Q. I heard that the Medi-Cal rules to qualify for a long-term care subsidy are about to change. This would be very important to us, as my husband, now aged 85, will soon need care in a nursing home, and we are very concerned about the cost. Do you know anything about this?
A. Yes, indeed, and you heard correctly! The changes coming are probably the most dramatic since the Medicaid program was first established under President Lyndon Johnson back in 1965. A bit of background may be helpful:
Historically, Medicaid, which we call “Medi-Cal” in California, has been a healthcare program for “the poor”, defined over the years as an individual with less than $2,000 in savings or other countable assets. That very modest number has not changed over the years.
However, if that individual is married, and has a spouse living at home in the community (a “Community Spouse”), a 1989 amendment to the Medicaid Act recognized the need for a Community Spouse Resource Allowance (“CSRA”), to avoid the impoverishment of the spouse at home. That CSRA amount has adjusted over the years based on inflation, and the current amount is $137,400. So, under today’s Medi-Cal rules, a married individual with a Community Spouse could qualify for a Medi-Cal subsidy if, together, their savings and other countable resources do not exceed the sum of $2,000 + $137,400 = $139,400.
The big change coming is the increase, and ultimately elimination, of the resource cap for the individual seeking a Medi-Cal subsidy.

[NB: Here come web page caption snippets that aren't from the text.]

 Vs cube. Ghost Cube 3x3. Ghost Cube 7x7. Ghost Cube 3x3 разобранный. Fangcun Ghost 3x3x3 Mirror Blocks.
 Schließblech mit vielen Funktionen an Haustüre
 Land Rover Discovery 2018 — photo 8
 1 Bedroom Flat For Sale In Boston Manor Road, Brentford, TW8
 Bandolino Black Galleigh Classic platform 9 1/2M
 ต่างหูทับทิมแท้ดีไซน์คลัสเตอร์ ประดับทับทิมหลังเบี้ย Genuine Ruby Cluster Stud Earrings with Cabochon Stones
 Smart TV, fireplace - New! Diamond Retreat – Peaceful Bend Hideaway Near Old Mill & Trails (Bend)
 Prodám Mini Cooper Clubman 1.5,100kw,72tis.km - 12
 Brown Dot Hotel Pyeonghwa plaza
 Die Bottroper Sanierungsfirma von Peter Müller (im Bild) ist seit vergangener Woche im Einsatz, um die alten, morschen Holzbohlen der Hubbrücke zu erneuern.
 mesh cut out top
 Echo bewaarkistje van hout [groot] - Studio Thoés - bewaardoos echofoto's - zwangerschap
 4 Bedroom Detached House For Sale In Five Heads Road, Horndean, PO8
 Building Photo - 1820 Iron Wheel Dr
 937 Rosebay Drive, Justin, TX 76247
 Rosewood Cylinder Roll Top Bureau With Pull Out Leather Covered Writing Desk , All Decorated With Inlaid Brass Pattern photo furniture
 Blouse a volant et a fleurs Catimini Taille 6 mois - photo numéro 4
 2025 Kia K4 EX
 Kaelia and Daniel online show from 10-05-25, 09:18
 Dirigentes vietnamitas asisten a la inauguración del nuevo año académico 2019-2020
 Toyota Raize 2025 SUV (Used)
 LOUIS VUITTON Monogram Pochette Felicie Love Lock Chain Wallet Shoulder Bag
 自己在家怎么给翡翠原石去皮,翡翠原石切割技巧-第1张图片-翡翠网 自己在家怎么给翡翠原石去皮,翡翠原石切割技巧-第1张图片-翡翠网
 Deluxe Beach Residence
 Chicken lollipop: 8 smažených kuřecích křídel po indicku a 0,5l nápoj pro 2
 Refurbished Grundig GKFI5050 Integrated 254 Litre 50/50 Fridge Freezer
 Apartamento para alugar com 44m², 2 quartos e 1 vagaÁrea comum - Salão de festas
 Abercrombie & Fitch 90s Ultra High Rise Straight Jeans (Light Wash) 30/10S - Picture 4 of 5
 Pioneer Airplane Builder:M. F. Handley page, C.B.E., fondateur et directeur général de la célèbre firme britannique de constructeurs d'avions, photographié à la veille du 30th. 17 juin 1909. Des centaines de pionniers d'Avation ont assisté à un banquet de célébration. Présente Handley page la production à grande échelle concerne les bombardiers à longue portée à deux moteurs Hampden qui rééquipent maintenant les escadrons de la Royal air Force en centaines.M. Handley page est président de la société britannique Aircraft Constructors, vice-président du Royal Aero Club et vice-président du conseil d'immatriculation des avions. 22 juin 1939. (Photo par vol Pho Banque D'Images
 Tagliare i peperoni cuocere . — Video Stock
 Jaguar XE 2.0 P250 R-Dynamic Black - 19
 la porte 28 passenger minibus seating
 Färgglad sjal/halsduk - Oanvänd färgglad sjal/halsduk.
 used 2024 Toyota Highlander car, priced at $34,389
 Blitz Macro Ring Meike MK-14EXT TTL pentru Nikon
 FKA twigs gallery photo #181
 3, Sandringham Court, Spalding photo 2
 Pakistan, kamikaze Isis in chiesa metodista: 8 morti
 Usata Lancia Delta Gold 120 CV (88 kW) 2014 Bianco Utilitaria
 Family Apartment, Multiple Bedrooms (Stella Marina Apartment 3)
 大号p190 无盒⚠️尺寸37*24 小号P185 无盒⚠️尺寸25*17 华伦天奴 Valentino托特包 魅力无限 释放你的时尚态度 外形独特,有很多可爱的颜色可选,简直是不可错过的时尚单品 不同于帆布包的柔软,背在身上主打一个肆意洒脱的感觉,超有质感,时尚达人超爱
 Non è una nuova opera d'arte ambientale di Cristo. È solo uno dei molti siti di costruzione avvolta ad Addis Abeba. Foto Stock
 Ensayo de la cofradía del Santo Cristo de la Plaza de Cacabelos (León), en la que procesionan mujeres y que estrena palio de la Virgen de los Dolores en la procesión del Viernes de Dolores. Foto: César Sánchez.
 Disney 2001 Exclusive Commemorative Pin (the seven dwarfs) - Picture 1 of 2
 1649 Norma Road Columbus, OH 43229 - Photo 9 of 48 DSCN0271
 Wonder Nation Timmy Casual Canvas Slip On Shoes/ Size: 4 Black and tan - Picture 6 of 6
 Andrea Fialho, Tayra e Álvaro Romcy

Under California legislation signed by Gov. Newsom as part of the 2021 Budget Bill (“AB 133″, at Section 364), the resource caps are set to be modified, and ultimately eliminated, in two stages, as follows:
1) Stage #1: Effective July 1, 2022, just a few short weeks away, the $2,000 individual resource ceiling will increase from $2,000 to $130,000. In addition, another $65,000 will be allowed for each household member, up to a total of 10. However, if that individual is married and has a Community Spouse who is not, herself, seeking Medi-Cal, then the couple’s combined resource allowance will be the sum of the following: $130,000 + $137,400 = $267,400.
The rules are a bit complex in terms of who qualifies as a Community Spouse (and is thereby entitled to the full CSRA of $137,400), but in our practice we have found that in most cases the spouse at home will so qualify, provided that he/she is not also seeking a Medi-Cal subsidy.
Stage #2: The California legislation proposes that on January 1, 2024, the resource caps will be eliminated entirely, subject only to Federal approval! While this approval has not yet occurred, rumor is that approval is likely. In that event, California will be the only state in the entire country that will have completely eliminated the long-standing resource test to qualify for a Medi-Cal subsidy.
However, the following aspects of the Medi-Cal rules will not change:
1) The rules pertaining to the treatment of INCOME. Currently income is considered in determining whether an individual has a Share of Cost (“co-pay”), and is also a determinant for eligibility for certain Medi-Cal programs, such as the Aged & Disabled Federal Poverty Level Program, and the Assisted Living Waiver Program;
2) The rules pertaining to ESTATE RECOVERY. Under current rules, California may seek to recover the benefits paid, following the death of a Medi-Cal beneficiary, if his/her estate goes through a full probate, unless statutory exceptions apply, such as survival by a spouse or a disabled child. Note: assets held in a Living Trust typically do not require a probate and are therefore usually protected from estate recovery.
3) The rules pertaining to the making of GIFTS.
Caution: For those Medi-Cal recipients who are on other programs, such as the Supplemental Security Income Program (“SSI”), note that those rules will not change and $2,000 continues to be the resource ceiling for an individual receiving SSI. Thus, an individual on both SSI and Medi-Cal, may be obliged to continue to keep his/her resources below the $2,000 cap.
These Medi-Cal changes are dramatic, and I predict that California may ultimately become a Mecca for the relocation of elderly parents who are now residing in other states. Whether easier access to a Medi-Cal subsidy will impact the quality of care in long-term care facilities, only time will tell.
Note: the above discussion applies only to those persons over 65 years of age (and younger individuals on MediCARE due to a qualifying disability), the so-called Traditional Medi-Cal population (aka the Non-MAGI Population), but not to younger individuals who do not have a qualifying disability and are eligible for Medi-Cal pursuant to the “Patient Protection and Affordable Care Act”, based upon their modest incomes (i.e. the so-called “MAGI Population”). For this younger group, eligibility is based upon their “Modified Adjusted Gross Incomes”, alone, without regard to their resources). By raising and ultimately eliminating the resource requirement for the older, NON-MAGI population, AB 133 proposes to bring the (older) Non-MAGI population into line with the (younger), MAGI Population.